Она села за стол. Начала неторопливо. Приведу её рассказ без изменений.
– Я родилась здесь в Николе, окончила семилетку. Работала на почте, на маслозаводе. Когда подружилась с Рубцовым, заведовала клубом. Пьесы ставили, в хоре пели. Весело жили. Приходил и Николай – в кино, или в бильярд поиграть. Я знала его давно. По детдому. Матери моей, повару в интернате, подвели порчу пяти тонн картошки, ну, её и посадили на пять лет в тюрьму. А меня определили в детдом, в младшую группу. Рубцов был – в старшей. Учился он хорошо. Выступали вместе в самодеятельности, в Тотьму на олимпиаду ездили. Я показывала акробатический номер, а Коля играл на гармошке. Когда окончили семь классов, мы все провожали его в Ригу, в морское училище. Но он по каким-то причинам на попал туда, вернулся домой. Учился потом в лесном техникуме в Тотьме.
- С тех пор мы не виделись одиннадцать лет. Была у нас вечеринка, кого-то в армию провожали. Смотрю, заходит кто-то. Говорят – Рубцов. Мы как бы заново познакомились. Останавливался он в тот раз у старого школьного учителя Ивана Дмитриевича Аносова. Играли вместе в волейбол. Он меня провожал. Началась дружба.
- Вскоре я укатила в Ленинград – подружка сманила – работала там почтальоном. Коля приезжал на мой день рождения… Потом опять мы жили в деревне. В 1963 году тут у нас родилась дочь Лена. Жилось трудно – характер был у него неровный. Да и материально было туго. Печатали мало. Даже в районной газете. «Боятся меня печатать!» – говорил он. Как-то, я тогда уже заведовала клубом, попросила написать сатирические частушки. Наотрез отказался: «Не могу». Когда играл на гармошке и пел свою песню: «Я уеду из этой деревни…», то все, кто слушал – и женщины, и мужчины – плакали. И он, действительно, уехал.
– Осенью 1970 года я была на семинаре в Тотьме. Выхожу из ДК, смотрю – Рубцов. Спросила: «Откуда взялся?». А он ответил, что пришёл узнать, когда мы с Леной к нему приедем. Жил он в Вологде. «Лена в школу пошла, – отвечаю, – может, весной». «А я, может, и не доживу до весны», - говорит.
– Ну, ладно. Пошли к его другу Василию Ивановичу Баранову, он в газете работал. Вечеринка не получилась. Утром на пристани смотрю – снова он. Передал гостинец Лене. Сказал: «Хочу с тобой поехать». Спустились в каюту. Он немного выпил, уснул. А я сошла на пристани в Николе. Так мы безмолвно и расстались – то была наша последняя встреча.

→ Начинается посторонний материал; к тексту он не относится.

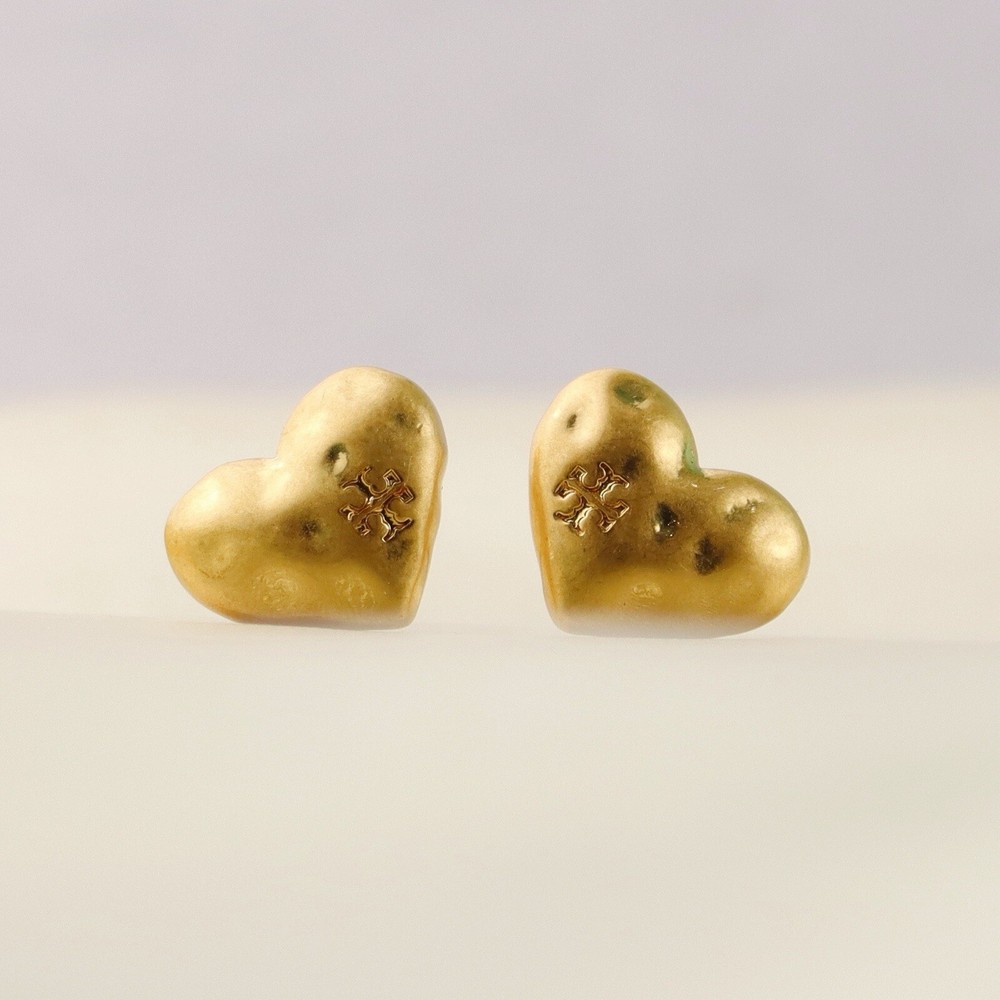 Tory Burch Gold Heart Hammered Earring Lady Perfect Gift Romance Valentine 💝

– Накануне Нового года собралась с дочкой к нему. Выехали. А в поле разгулялась такая метель – всё перемело. Вернулись обратно. В середине января сердце защемило – болит, болит, болит…
– Черед два дня – хлоп, телеграмма! На похороны…
* * *
…Жизнь поэта в провинции в отличие от столицы имеет и преимущества, и минусы. И поныне на талант тут смотрят как на чудачество, никому не нужное, кроме того, кто им наделён. Будь иначе, разве переносил бы Рубцов житейскую неустроенность? А это тоже отнимало силы.
И ещё об одном.
При демократии в центральной России отсутствуют литературные журналы, объединяющие русских писателей. Даже в пору глухого крепостничества в отдалённой глубинке Ярославщины выходил журнал «Уединённый пошехонец». Теперь дожили до того, что на родине Афанасия Никитина, Константина Батюшкова, Николая Некрасова не имеем писательской трибуны. Как же «взрыхлять почву»? Это я к тому, что и Николай Рубцов пробивался к читателю трудно. При жизни успел выпустить лишь четыре книжки малого объёма.
Краткое его свидание с миром не заслонило сути. Можно не дать квартиру, обойти изданием книги. Но невозможно отнять талант.
Свет Николы всё равно светит!
Геннадий Алексеевич Сазонов, член Союза писателей России, Вологда
Архангельск – Вологда – Тотьма, 1989 – 2014 – 2021 гг.